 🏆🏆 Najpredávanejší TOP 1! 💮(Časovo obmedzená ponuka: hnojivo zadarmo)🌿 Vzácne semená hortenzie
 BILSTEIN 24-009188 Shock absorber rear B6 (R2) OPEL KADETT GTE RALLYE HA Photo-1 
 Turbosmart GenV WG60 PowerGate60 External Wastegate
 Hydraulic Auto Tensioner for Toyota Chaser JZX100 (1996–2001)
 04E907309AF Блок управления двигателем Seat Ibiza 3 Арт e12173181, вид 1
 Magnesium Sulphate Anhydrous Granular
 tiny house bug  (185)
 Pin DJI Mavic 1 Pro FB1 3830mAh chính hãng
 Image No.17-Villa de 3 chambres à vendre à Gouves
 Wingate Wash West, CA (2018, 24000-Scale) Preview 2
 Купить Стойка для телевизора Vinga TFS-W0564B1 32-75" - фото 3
* * *
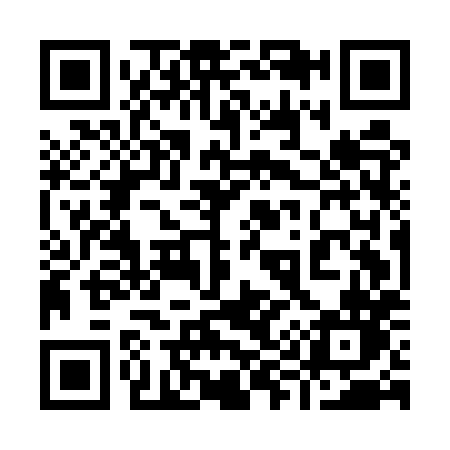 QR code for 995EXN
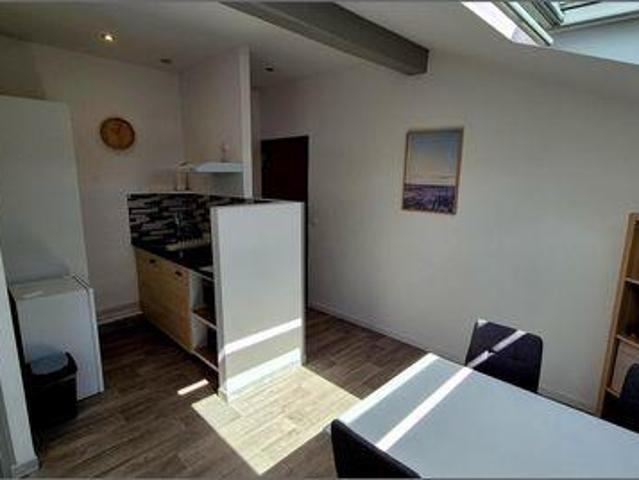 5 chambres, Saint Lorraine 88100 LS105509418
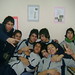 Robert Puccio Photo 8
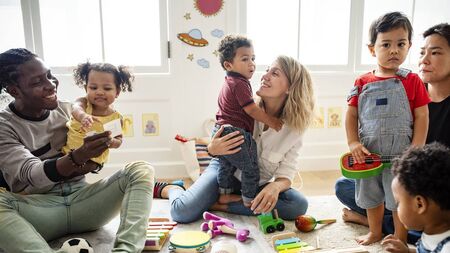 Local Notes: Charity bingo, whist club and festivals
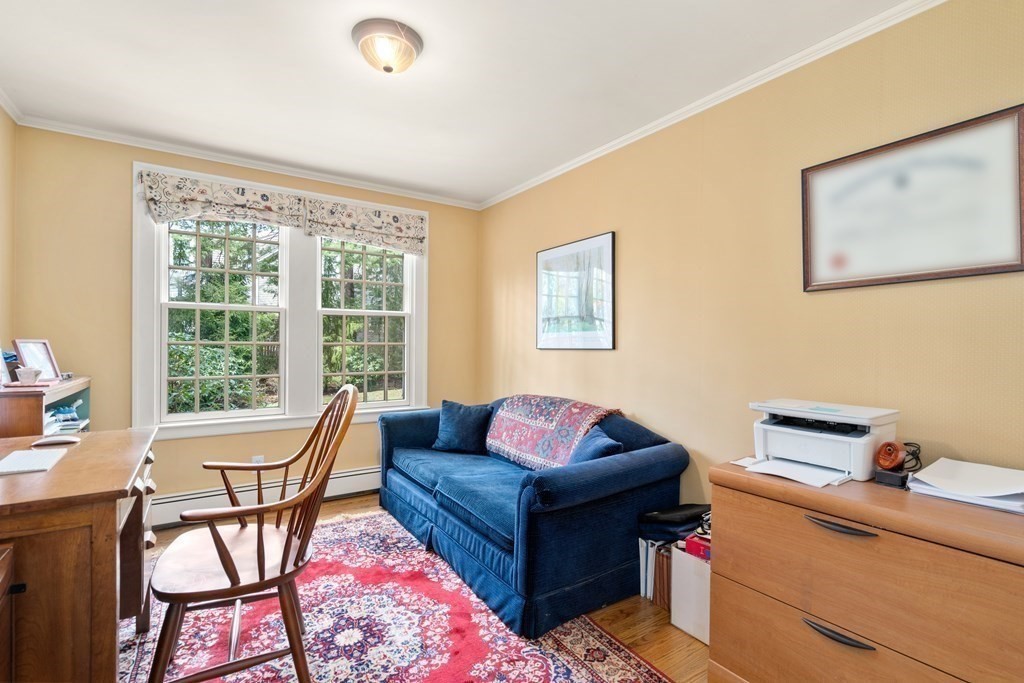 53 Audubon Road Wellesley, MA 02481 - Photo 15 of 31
---
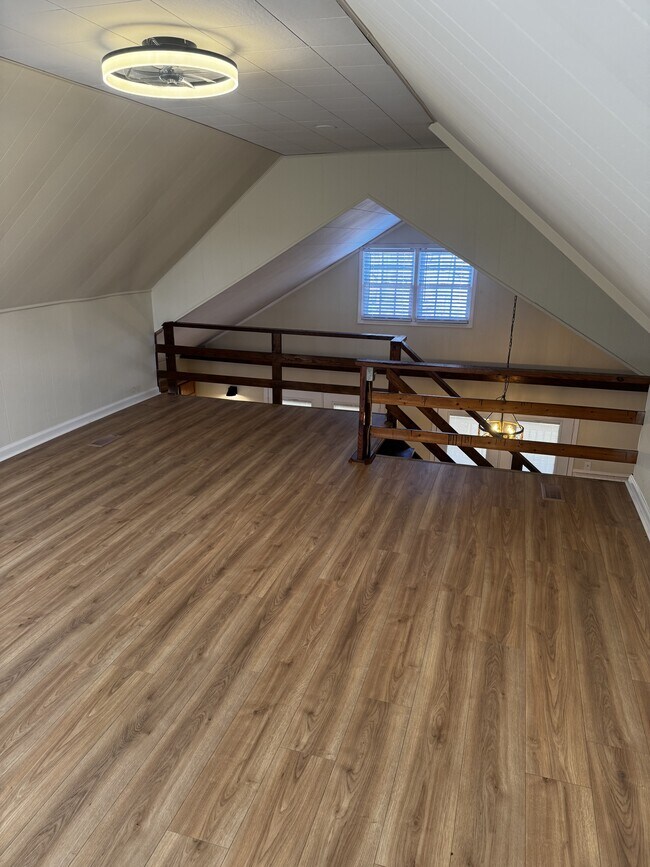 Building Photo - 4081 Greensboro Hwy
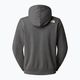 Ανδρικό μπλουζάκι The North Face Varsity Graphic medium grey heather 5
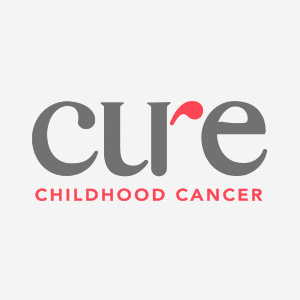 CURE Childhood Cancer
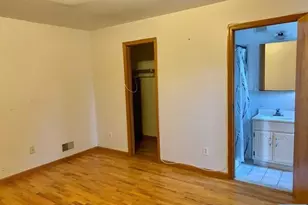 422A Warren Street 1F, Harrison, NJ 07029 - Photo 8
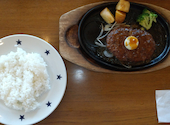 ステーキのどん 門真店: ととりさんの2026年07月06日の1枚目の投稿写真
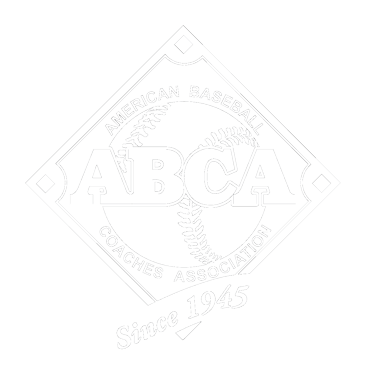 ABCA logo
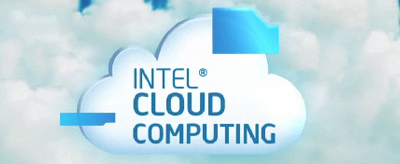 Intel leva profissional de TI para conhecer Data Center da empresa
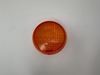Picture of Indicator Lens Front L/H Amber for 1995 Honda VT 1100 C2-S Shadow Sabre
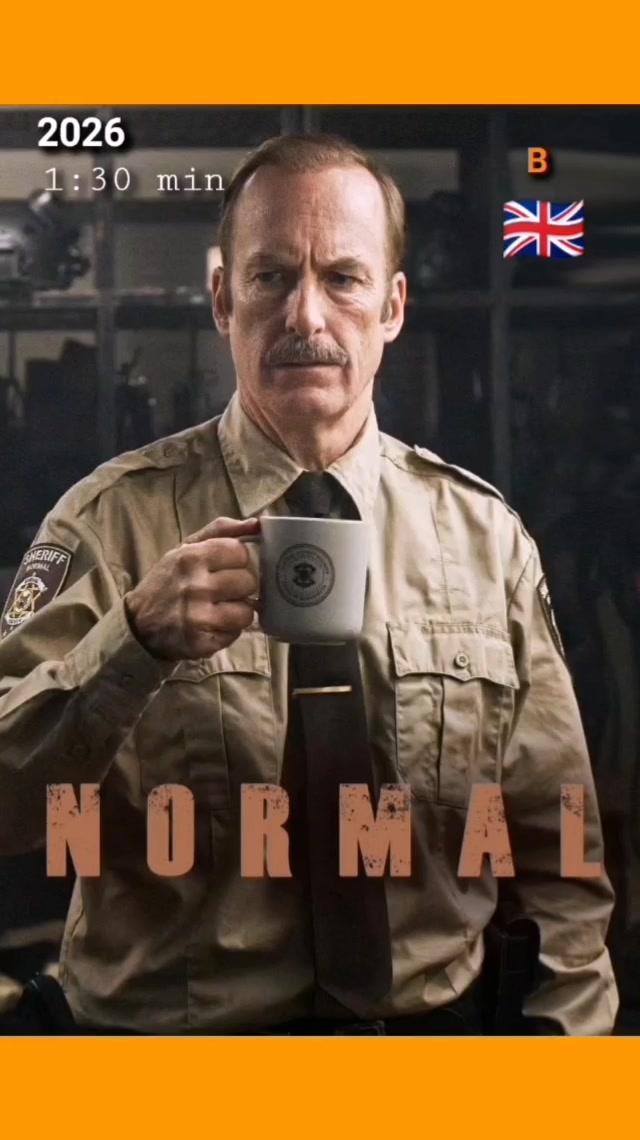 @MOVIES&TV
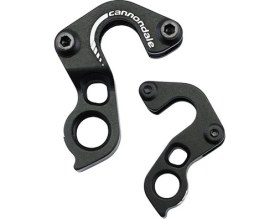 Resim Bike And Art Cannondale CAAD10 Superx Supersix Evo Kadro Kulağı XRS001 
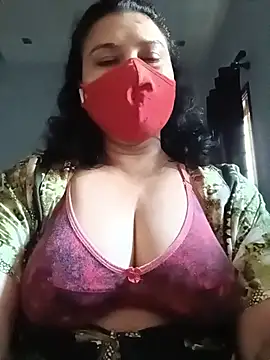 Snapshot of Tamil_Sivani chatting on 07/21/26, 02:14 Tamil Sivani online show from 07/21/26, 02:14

*DIRECTIONS:* Above are the entries. Quote exactly the lines from the one bearing "04E907309AF Блок управления" through the one bearing "Купить Стойка для".

*OUTPUT FOR THIS TASK:*
 04E907309AF Блок управления двигателем Seat Ibiza 3 Арт e12173181, вид 1
 Magnesium Sulphate Anhydrous Granular
 tiny house bug  (185)
 Pin DJI Mavic 1 Pro FB1 3830mAh chính hãng
 Image No.17-Villa de 3 chambres à vendre à Gouves
 Wingate Wash West, CA (2018, 24000-Scale) Preview 2
 Купить Стойка для телевизора Vinga TFS-W0564B1 32-75" - фото 3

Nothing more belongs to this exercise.